-- EXTRACTED INFORMATION follows --

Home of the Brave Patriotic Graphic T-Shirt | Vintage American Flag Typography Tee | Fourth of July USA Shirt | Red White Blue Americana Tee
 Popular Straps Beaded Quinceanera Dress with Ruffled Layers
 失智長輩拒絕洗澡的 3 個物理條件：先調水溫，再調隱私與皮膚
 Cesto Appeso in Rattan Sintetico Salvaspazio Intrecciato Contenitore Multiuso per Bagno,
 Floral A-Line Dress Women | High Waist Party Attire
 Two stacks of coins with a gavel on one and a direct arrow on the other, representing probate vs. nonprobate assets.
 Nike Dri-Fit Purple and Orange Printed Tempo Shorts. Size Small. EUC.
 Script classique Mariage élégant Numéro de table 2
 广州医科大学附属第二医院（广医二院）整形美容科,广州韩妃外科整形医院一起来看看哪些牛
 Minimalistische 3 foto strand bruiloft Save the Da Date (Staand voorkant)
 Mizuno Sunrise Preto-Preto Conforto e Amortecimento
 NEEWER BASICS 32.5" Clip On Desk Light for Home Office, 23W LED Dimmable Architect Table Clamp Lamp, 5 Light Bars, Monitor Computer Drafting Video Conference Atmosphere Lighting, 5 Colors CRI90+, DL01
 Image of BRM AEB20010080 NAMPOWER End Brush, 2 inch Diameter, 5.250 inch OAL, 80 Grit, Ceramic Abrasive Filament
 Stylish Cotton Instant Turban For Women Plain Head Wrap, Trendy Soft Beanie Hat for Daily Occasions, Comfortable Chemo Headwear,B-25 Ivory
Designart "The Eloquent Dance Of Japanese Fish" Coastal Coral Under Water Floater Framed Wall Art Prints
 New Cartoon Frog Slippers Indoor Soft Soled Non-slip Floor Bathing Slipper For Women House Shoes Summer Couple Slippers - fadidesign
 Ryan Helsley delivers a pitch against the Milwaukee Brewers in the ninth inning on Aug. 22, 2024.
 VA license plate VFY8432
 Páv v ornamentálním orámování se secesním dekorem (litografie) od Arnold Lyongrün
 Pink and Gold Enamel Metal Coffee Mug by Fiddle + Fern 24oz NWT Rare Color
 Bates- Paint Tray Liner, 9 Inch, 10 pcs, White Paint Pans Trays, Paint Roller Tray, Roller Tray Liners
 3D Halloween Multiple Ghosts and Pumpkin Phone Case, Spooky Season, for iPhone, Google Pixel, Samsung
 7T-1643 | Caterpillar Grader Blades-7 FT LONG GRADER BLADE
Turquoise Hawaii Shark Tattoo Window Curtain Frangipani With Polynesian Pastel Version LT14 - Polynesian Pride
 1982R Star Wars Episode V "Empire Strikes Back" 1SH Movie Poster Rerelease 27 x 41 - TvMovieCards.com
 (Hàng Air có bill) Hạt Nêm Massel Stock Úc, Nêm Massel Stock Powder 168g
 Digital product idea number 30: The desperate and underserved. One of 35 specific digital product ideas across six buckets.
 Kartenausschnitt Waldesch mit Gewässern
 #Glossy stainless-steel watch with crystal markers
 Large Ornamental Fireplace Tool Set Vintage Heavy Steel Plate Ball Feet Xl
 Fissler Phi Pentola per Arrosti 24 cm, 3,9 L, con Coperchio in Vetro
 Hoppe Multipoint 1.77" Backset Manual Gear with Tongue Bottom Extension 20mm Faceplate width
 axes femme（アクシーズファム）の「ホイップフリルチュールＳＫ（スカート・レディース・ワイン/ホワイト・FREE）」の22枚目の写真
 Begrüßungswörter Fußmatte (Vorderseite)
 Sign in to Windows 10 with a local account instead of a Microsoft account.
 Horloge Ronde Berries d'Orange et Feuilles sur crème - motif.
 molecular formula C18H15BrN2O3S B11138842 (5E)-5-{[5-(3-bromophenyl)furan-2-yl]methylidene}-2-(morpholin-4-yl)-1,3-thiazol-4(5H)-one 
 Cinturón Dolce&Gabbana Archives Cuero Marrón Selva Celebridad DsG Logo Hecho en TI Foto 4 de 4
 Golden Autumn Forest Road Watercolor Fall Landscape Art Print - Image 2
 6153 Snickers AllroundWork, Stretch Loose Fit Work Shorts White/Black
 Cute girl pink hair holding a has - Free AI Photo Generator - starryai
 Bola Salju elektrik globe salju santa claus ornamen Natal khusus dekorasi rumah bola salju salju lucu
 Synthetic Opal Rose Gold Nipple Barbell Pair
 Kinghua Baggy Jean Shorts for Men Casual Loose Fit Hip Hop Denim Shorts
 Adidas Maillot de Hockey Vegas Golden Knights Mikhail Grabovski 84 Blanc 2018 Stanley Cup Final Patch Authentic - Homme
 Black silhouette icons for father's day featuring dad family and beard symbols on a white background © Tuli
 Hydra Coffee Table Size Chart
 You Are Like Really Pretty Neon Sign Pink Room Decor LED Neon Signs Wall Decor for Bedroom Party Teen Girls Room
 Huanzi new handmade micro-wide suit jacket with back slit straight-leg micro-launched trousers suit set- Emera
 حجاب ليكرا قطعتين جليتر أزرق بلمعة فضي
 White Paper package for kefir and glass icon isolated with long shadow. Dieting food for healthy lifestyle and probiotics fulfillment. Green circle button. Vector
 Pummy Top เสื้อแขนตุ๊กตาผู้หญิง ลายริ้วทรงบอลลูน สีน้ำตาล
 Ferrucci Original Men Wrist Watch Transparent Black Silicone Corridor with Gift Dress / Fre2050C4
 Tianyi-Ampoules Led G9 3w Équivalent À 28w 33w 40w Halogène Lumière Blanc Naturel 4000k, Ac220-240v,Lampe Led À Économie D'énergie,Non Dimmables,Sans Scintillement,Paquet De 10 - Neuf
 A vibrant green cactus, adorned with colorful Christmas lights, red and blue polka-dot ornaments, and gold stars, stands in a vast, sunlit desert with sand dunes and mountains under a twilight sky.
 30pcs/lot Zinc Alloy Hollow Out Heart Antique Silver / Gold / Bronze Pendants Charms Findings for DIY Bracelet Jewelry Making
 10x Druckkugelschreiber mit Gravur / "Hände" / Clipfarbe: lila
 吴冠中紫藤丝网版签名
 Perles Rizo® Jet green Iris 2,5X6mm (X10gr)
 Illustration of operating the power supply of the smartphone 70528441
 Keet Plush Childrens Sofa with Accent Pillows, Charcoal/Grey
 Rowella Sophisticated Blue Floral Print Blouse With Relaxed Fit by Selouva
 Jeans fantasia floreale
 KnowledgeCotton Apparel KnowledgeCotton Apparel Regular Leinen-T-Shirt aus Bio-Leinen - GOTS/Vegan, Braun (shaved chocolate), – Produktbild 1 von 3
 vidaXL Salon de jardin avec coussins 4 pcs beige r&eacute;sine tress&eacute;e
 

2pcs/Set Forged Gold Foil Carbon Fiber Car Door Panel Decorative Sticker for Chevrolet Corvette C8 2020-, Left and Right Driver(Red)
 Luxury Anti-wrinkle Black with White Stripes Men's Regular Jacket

-- EXTRACTED INFORMATION concluded --

### WORK TO BE COMPLETED
From the listing above, return each line with the word "Women".

### RESPONSE AREA
 Floral A-Line Dress Women | High Waist Party Attire
 Stylish Cotton Instant Turban For Women Plain Head Wrap, Trendy Soft Beanie Hat for Daily Occasions, Comfortable Chemo Headwear,B-25 Ivory
 New Cartoon Frog Slippers Indoor Soft Soled Non-slip Floor Bathing Slipper For Women House Shoes Summer Couple Slippers - fadidesign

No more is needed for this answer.